Early Cretaceous giant bivalves from seep-related limestone mounds, Wollaston Forland, Northeast Greenland

Simon R. A. Kelly, Eric Blanc, Simon P. Price1 & Andrew G. Whitham

CASP, University of Cambridge, West Building, 181A Huntingdon Road, Cambridge CB3 0DH, UK
1 Shell UK Exploration and Production, 1 Altens Farm Road, Nigg, Aberdeen AB12 3FY, UK

Anomalous mound-forming limestones, here termed the Kuhnpasset Beds, occur within Late Barremian (Early Cretaceous) mudstones on Wollaston Forland, Northeast Greenland. The normal mudstones contain a sparse fauna of small nuculoids, arcoids and inoceramids; by contrast, the mounds contain an unusual faunal assembage, dominated by large bivalves. These include an abundant lucinid, Cryptolucina kuhnpassetensis sp. nov., and, less commonly, Solemya, both known seep-associated genera.
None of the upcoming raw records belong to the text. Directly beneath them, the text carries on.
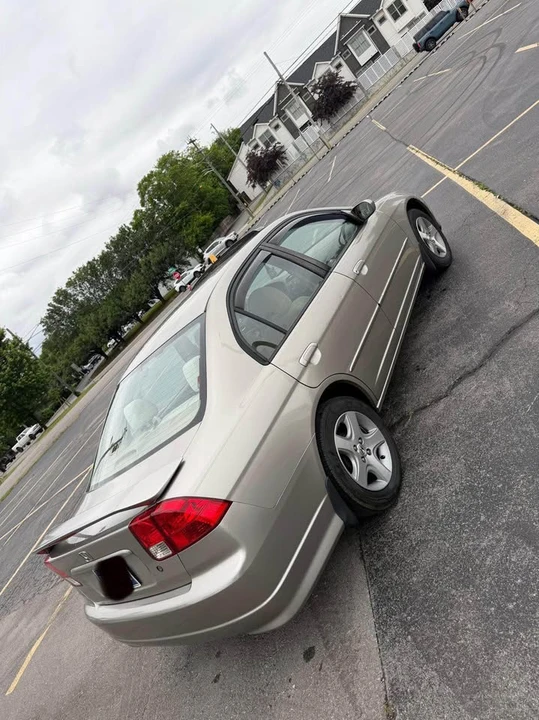 2004 Honda Civic 7th Gen - Image 5 of 15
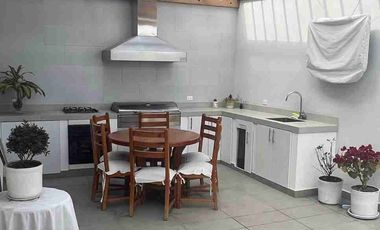 Casa de venta con suite independiente, conjunto cerrado, Einstein/Carcelén. 4 hab. Excelente estado.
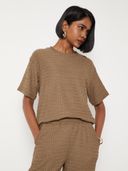 Brown color option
Locally, a large modiomorphid, Caspiconcha whithami gen. et sp. nov., is common and reaches > 300 mm in length and has a shell up to 28 mm thick. Also, the wood-boring bivalve Turnus is abundant in driftwood. Gastropods are rare, but the associated cephalopod fauna includes ammonites, belemnites, nautiloids and a remarkable large orthoconic phragmocone. The form of the mounds with calcite-cemented tube systems, associated laminated calcite crusts and void fills, together with the fauna, is analogous to those of methane-based cold-seep complexes. However, preliminary studies indicate that much of the original aragonitic shell is now replaced by silica. This precluded conclusive geochemical studies based on the shells themselves. It is believed that the mounds formed on the seafloor in a mid- to outer shelf situation at the end of a period of extensional rifting on the eastern Greenland passive Atlantic margin. The vents occur near the footwall crest of a tilted fault block. The underlying faults may have provided routes or influenced direction of movement for nutrient migration. Source rocks were probably the Late Jurassic black shales from depths of < 600–1200 m. If methane was being generated, it was probably forming by shallow-depth organic breakdown rather than by thermogenic processes, which require greater burial.